As I prepare to exit the agency world and move client-side for the first time, my team asked me to prepare some thoughts on some areas of my experience. I agreed. This is part three of a several-part series on doing creative work in the world of digital-first advertising, and a distillation of what I’ve learned over 8+ years of agency life at Essence and beyond, as a designer, writer, and all-around creative problem-solver.

Art directors do a lot of really cool, important stuff.

They lead creative teams, generate dope af ideas, protect the design process, and develop the visual language of creative executions. That’s a lot, so for our purposes, let’s focus on just that last bit.

Design ≠ Art Direction

An important distinction to make early on is that art direction is not design. Design is functional, executional, and (should be) invisible. Art direction is all about storytelling. When you think about brilliant art direction, don’t think about Jony Ive, instead, consider Donatella Versace. Boldness over sleekness, if we’re painting with extremely broad strokes.

Study the masters

Unlike in the ideation process, where you should think for your goddamn self, art directors should steep themselves in the world of visual art (plus motion and audio, while you’re at it). Make yourself an overflowing fount of visual techniques and motifs, and be able to pull them out on command. You should know what’s trendy (and why), what’s not (and why), what’s nostalgic (and why) and what’s sacred (and why).

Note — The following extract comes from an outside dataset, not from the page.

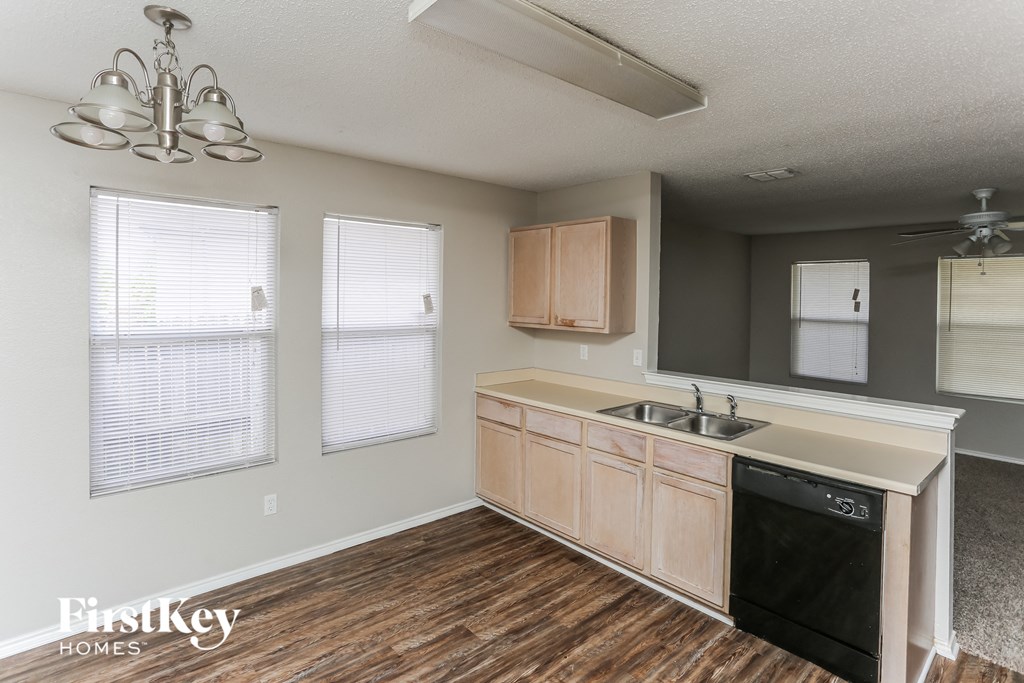 a kitchen with wood flooring and a sink and counter top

The catch? Your references shouldn’t come from other ad campaigns. None.

Need help getting started? Take a dip with some of my favourites from the world of film and fashion. Consider each example, and “say what you see.”

Monochromatic. Chocolate-box. Symmetrical. Doll house. Stylised.
Allegorical. Biblical. Grim. Haunting. Gloomy.
Dreamy. Surreal. Primary colours. Monotony and theatrical. Americana.
Moody. Noir. Intimate. Sweaty. In your face. Comic booky.
Opulent. Ornate. Worldly. Lush.
Fun. Youthful. Cartoony. Nostalgic.

How you choose to interpret these can often be subjective, but knowing how to articulate them is critical. Is it the colour palette? The casting? The lighting? Patterns? Textures? Mood?

Set the table

Observing is great and all, but putting together a mood board for yourself can be sticky. Once I have a rough style in mind (in an, “I’ll know it when I see it” kind of way) I like to think about building a mood board as if I were setting a table.

If your product was the main course, what would you place around it so that it could be properly enjoyed? You need a mix of functional and beautiful objects, and they need to make sense together. Pay attention to the detail, after all, someone will be getting intimately acquainted with every piece you select.

Channel your inner Pinterest-obsessed bride-to-be and consider the following:

Make sure your audience knows which fork to use.

Some products are easier to tackle than others. A Nike trainer, for example seems ripe with possibilities:

This mood board has a cool, retro-futurism thing going on.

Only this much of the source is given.